幼い子を持つ母親らは、放射能の被害など安全面からも原発の恐ろしさを痛感している。それでも各種の世論調査を見ると、経済的な理由などから「原発はやはり必要」と考える人たちが一定程度、存在するのも事実だ。
彼らに脱原発を思いとどまらせているのは、原発を止めると、電力が足りなくなったり、電気代が大幅に上がってしまうという「二つの懸念」というのが吉原氏の見立てだ。原発に関する正確な情報が行き届いていないとみる。
城南信金は原発事故を受け、昨年4月に脱原発を宣言。以来、専門家と意見交換を重ね、蓄積してきた知識をベースに、シンクタンクを設立した。主に原発のコストと電力不足をテーマに、専門家によるさまざまな切り口での分析を分かりやすい言葉で世の中に広げる「媒体」を目指す。
シンクタンク業務を手掛けるのは、城南信金企画部の担当者11人で、専門家に取材した結果をリポートにまとめる。第一弾のリポート(A4判4枚)は1万部作製し、店頭で預金者や取引先の中小企業などに配っている。
シンクタンクの「理論的な支柱」となる名誉所長には、加藤寛・慶応義塾大学名誉教授を迎えた。歴代の自民党政権下で経済政策のブレーンを務め、旧国鉄の分割民営化などに取り組んだ著名な経済学者。吉原氏は学生時代、慶大の加藤ゼミで学んだ門下生で、加藤氏は就任を快諾したという。
脱原発を宣言してから、休みも返上して講演会などに飛び回る吉原氏。志に賛同した取引先の中小企業が節電商品を開発して売り出すなど、活動の輪は着実に広がっている。
意外な応援団もいる。本紙が研究所の設立を報じた今月9日、城南信金本店に小泉純一郎元首相から電話が入った。「よくやった、と激励されました」と吉原氏。元首相は4月に城南信金が開いた講演会でも「原発を推進していくのは無理。原発の依存度を下げていくのが、これから取るべき方針」と訴えたという。
一方で、「原発ゼロは非現実的」と言う人たちから、「会社に損失が生じるから、原発を止めるわけにはいかない」「電気代が上がると、生活が苦しくなる」との本音を聞くにつけ、「お金や自分のことばかり考えているのが現代社会の病理」と痛感するという。
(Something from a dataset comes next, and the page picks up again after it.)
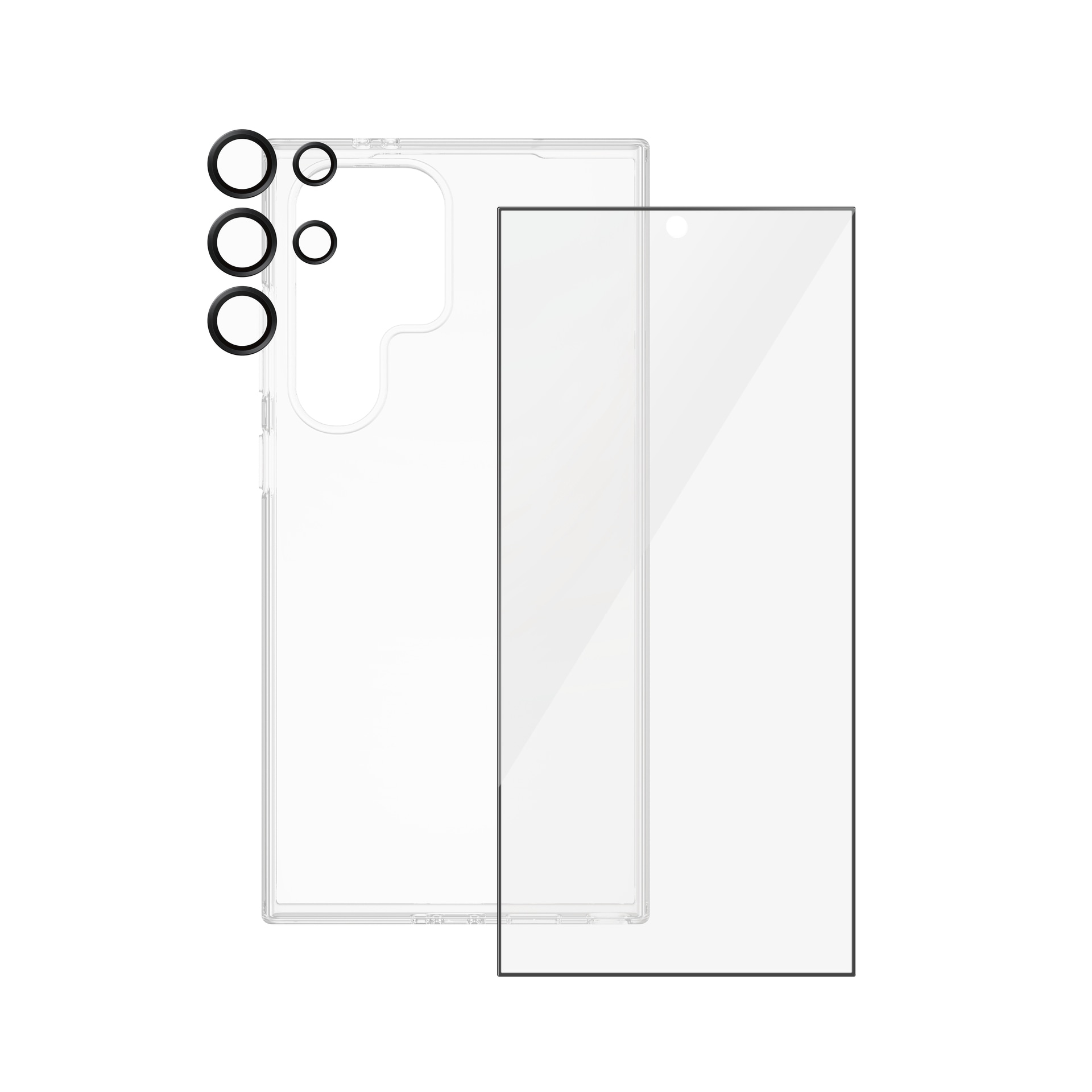 SAFE by PanzerGlass Displayschutzglas »3-in-1 Bundle Set Screen Protector, Case und Camera Lens Protector«, für Samsung Galaxy S24 Ultra, Displayschutzfolie, Backcover, Lens Cover, Rundumschutz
「みんな自分のことで精いっぱいなのは分かる。だけど、お金を中心にモノを考えすぎて、地域やお客さんの幸せを切り捨ててしまっていいのか。今こそ社会の連帯を取り戻し、間違ったことはやめるのが大人の責任だ」
◆脱原発は雇用を拡大
シンクタンクの城南総合研究所が発表した第一弾のリポートに、名誉所長に就いた加藤寛慶応義塾大学名誉教授が寄稿した。「脱原発は新産業の幕開けをもたらし、景気や雇用の拡大になる」として、日本経済を活性化させる観点からも、原発ゼロを訴えている。
加藤氏は、電力9社による地域独占体制について「原子力ムラという巨大な利権団体をつくり、独占の弊害が明らか」と指摘。かつて自らが改革に取り組んだ旧国鉄を引き合いに「国鉄は独占を排除し、分割民営化により国民を向いた経営に転換した」と説明、独占にメスを入れるよう訴えた。
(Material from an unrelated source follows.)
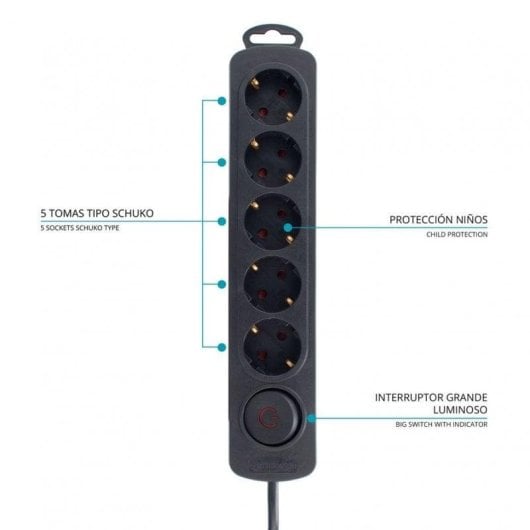 Régua de tomadas TM Electron 5 Tomadas com Proteção e Interruptor Preto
さらに「古い電力である原発を再稼働しても、決して日本経済は活性化しない」と指摘。太陽光や風力といった再生可能(自然)エネルギーなど発電方法が多様化し、節電や蓄電池の分野でも技術革新が急速に進んでいることを挙げ、「原発に依存したこれまでの巨大な電力会社体制も、近い将来は時代遅れになり、恐竜のように消滅するだろう」と予測した。
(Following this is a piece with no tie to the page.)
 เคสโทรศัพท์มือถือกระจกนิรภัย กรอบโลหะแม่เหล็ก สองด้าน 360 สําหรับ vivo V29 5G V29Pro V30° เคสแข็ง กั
その上で「脱原発にかじを切れば経済の拡大要因になり、中小企業などものづくり企業の活躍の機会が増える。経団連は雇用が減ると言うが、むしろ脱原発は雇用拡大につながる」と、経済効果の大きさを強調している。
このほかリポートでは、原発のコスト構造を検証した。経済産業省のエネルギー白書によると、1キロワット時当たりの発電コストは原発が5~6円、火力が7~8円。しかし、これには原発のある地域に支払われる巨額の交付金は含まれていない。立命館大学の大島堅一教授の試算によると、原発が10.3円、火力が9.9円で、原発の方が割高になっている。
さらに、使用済み核燃料の保管や処理に掛かる費用もかさむことから、「原発のコストは恐ろしく高価で、将来、大幅な電気料金の値上げにつながる。原発を廃炉にすることが経済的にも正しい判断」と結論づけている。